REPUBLIKA.CO.ID, JAKARTA -- Ketua Himpunan Evaluasi Pendidikan Indonesia (HEPI) Bahrul Hayat mengatakan, ada empat dimensi atau isu yang mengubah jawaban kurikulum. Ia mengatakan, sejatinya pertanyaan kurikulum ini sama sejak abad 20 lalu hingga kini tetapi jawabannya selalu berbeda.
Ia menyebut Unesco Perserikatan bangsa-Bangsa tahun 1996 meramalkan abad 21 manusia harus bisa empat hal. Pertama learning to know yaitu apa yang dia harus dia tahu. Kemudian learning to do yaitu apa yang diperbuat. Ketiga, learning to be menjadi apa dan learning to live together bisa hidup bersama.

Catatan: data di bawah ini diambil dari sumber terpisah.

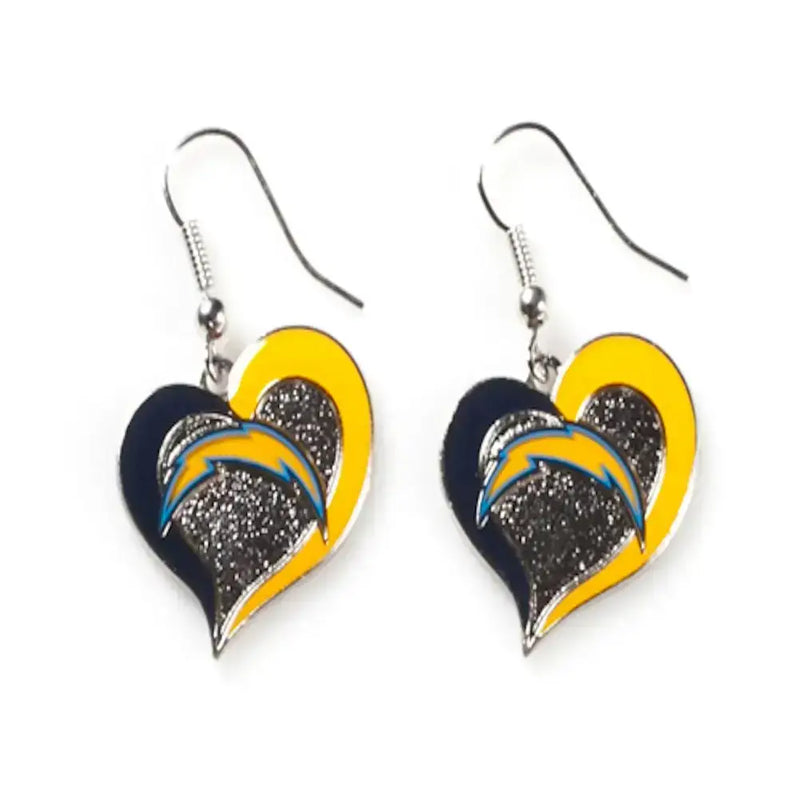 Officially Licensed NFL Swirl Heart Earrings St Louis Rams 2024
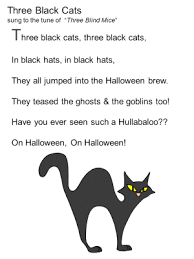 Three Black Cats Song Halloween Preschool Halloween Songs Halloween Poems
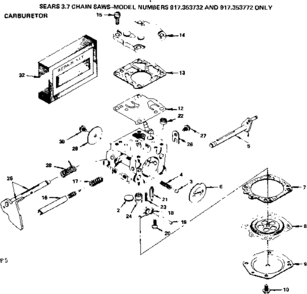 Carburetor Diagram and Parts List for 917353772  Craftsman Chainsaw
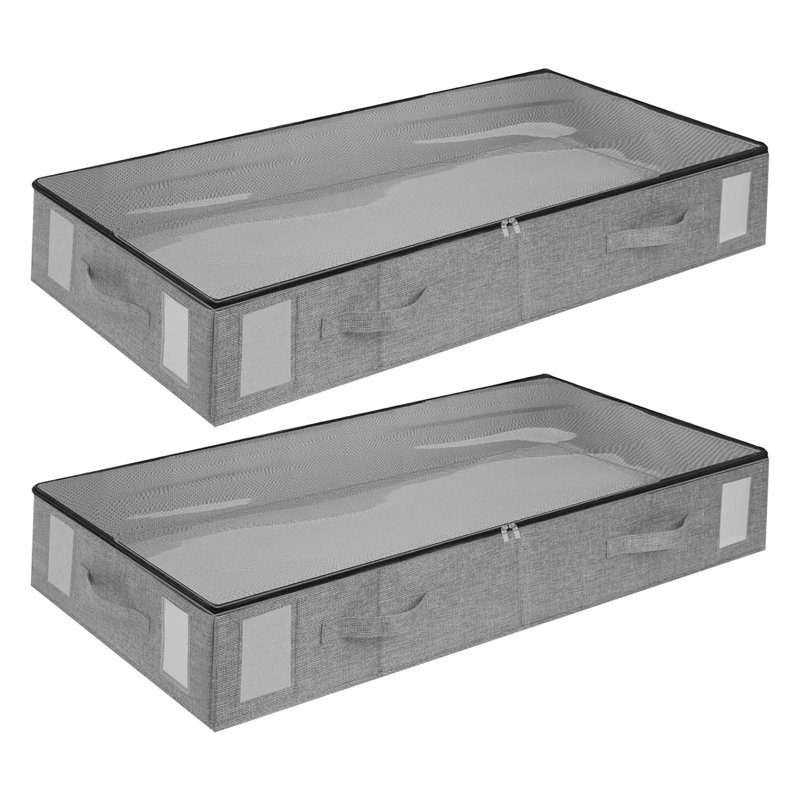 2 Pack Underbed Storage Containers – Stackable Closet Organizer, Foldable Box, Sturdy Support, Large, Neutral, Bedroom For Clothes, Blankets, Pillows, Shoes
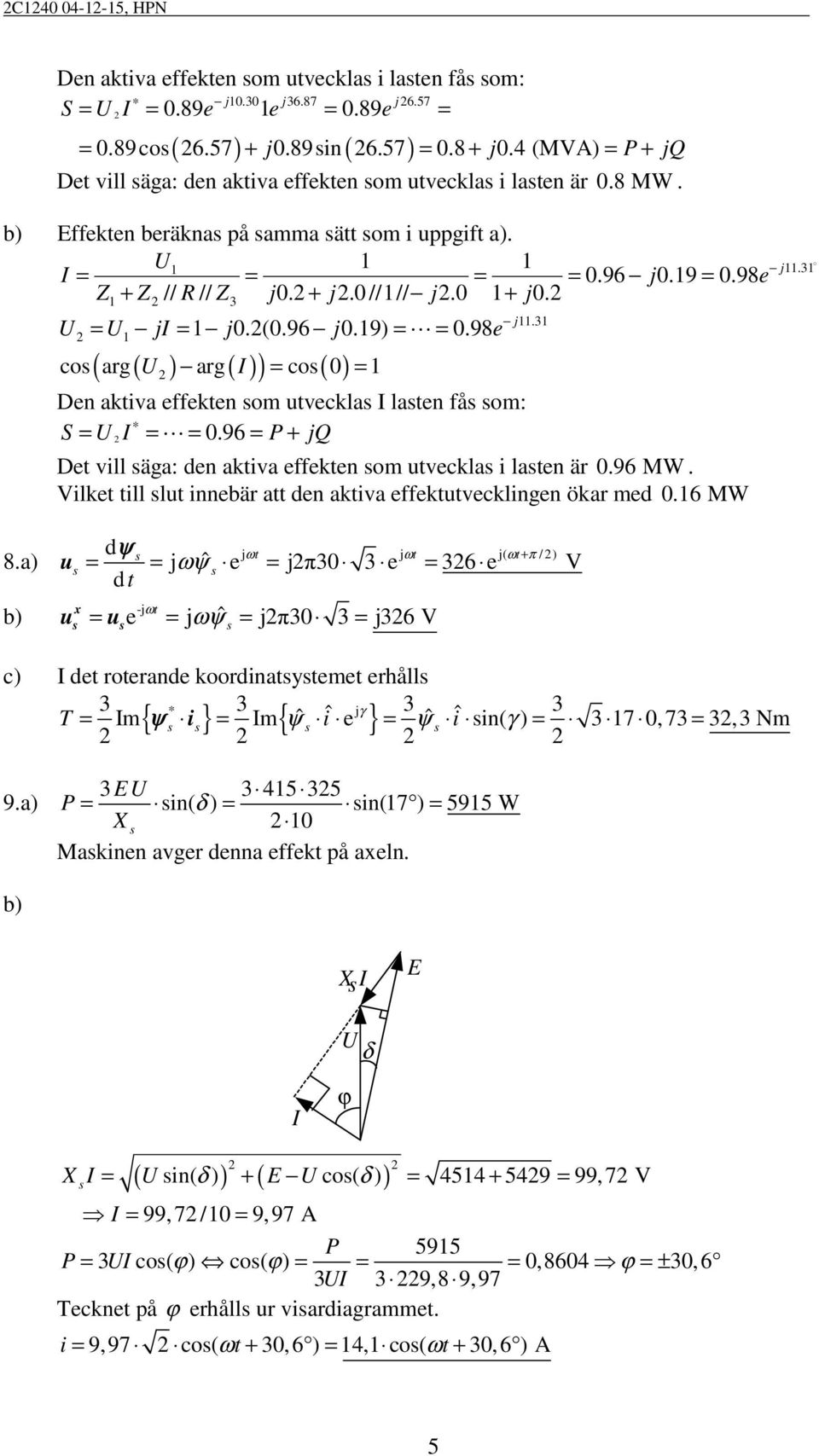 U = U ji = j0.(0.96 j0.9) = = 0.98e j.3 co( rg ( U ) rg ( I) ) = co ( 0) = Den ktiv effekten om utveckl I lten få om: S = U I = = 0.96 = P+ jq Det vill äg: den ktiv effekten om utveckl i lten är 0.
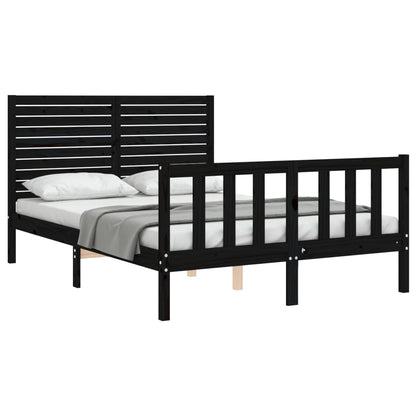 Estrutura de cama com cabeceira 120x200cm madeira maciçao preto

Kemudian ia mengutip menurut dokumen komisi kebijakan Amerika tahun 1938 ternyata hampir sama yaitu learning to be, learning with together, learning to do. Pertanyaan inti, kata dia, hanya ada dua yaitu apa yang mau diajarkan dan apa yang siswa akan pelajari. Pertanyaan kedua adalah bagaimana cara mengajar yang efektif dan cara siswa belajar yang efektif.
"Jawaban yang beda ini ada empat dimensi/isu yang mengubah jawaban itu," kata dia di hadapan guru di seminar bertema 'Kehidupan Menuju Revolusi Pendidikan', di aula Universitas Muhammadiyah Prof Dr Hamka, di Jakarta, Sabtu (13/5).

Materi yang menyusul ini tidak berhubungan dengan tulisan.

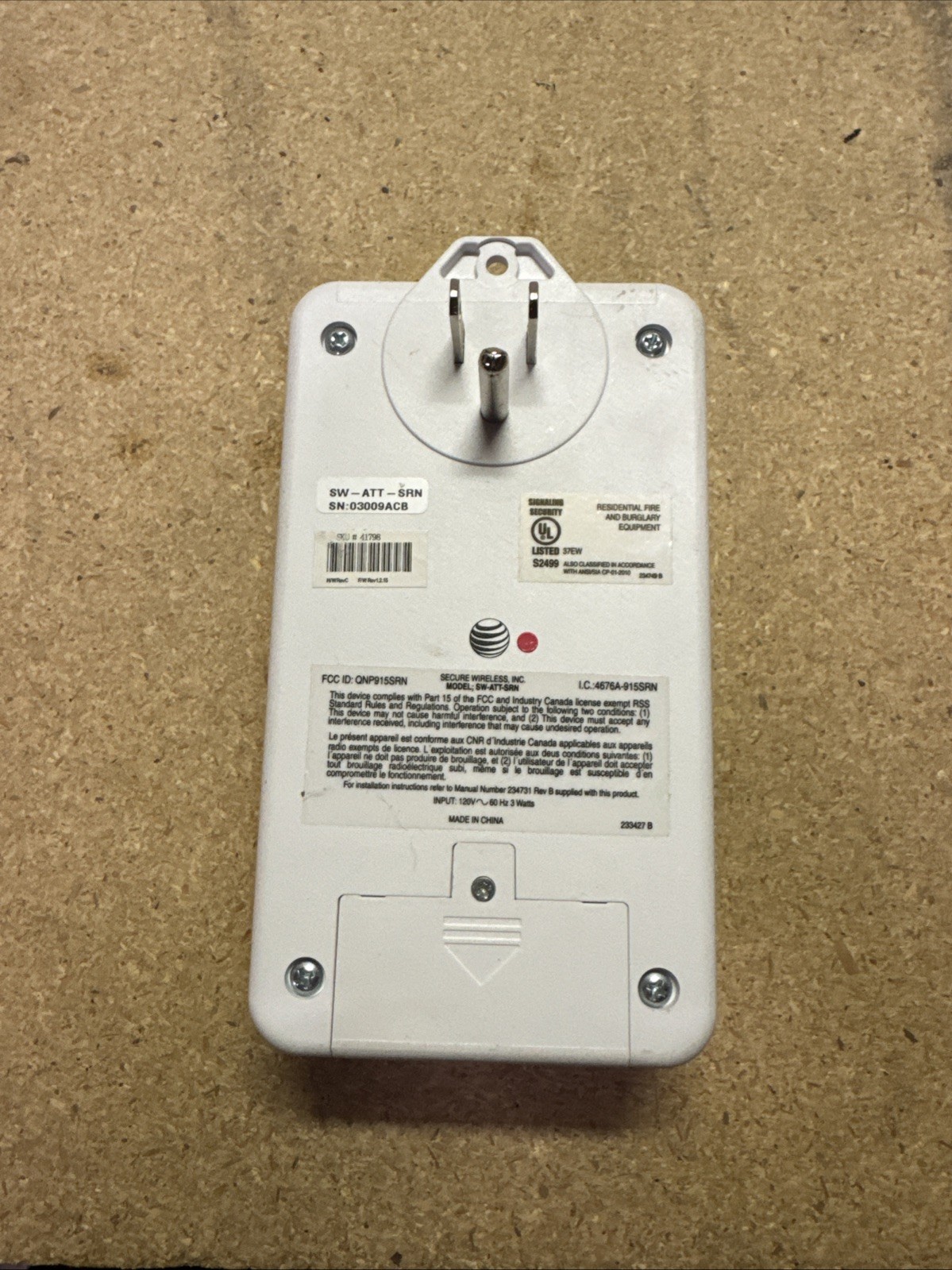 AT&T SW-ATT-SRN 41798 Wall Plug In Siren Wireless Security System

Pertama, kurikulum di masa depan ini apa. Karena ini kurikulum bangsa. Kedua, perkembangan sains dan teknologi seperti apa. Artinya mengikuti perkembangan teknologi saat ini. Ia menyontohkan dulu Indonesia memiliki 33 provinsi dan sekarang bertambah satu menjadi 34. Ketiga, teori belajar ini selama ratusan tahun apa yang berkembang sekarang. Terakhir, assesment atau penilaian.
"Empat isu ini yang membuat perubahan kurikulum," ujarnya. Jadi, kata dia, pertanyaan sama, jawaban yang harus berbeda. Untuk itu, ia meminta kurikulum dan pengajaran fokus empat ini.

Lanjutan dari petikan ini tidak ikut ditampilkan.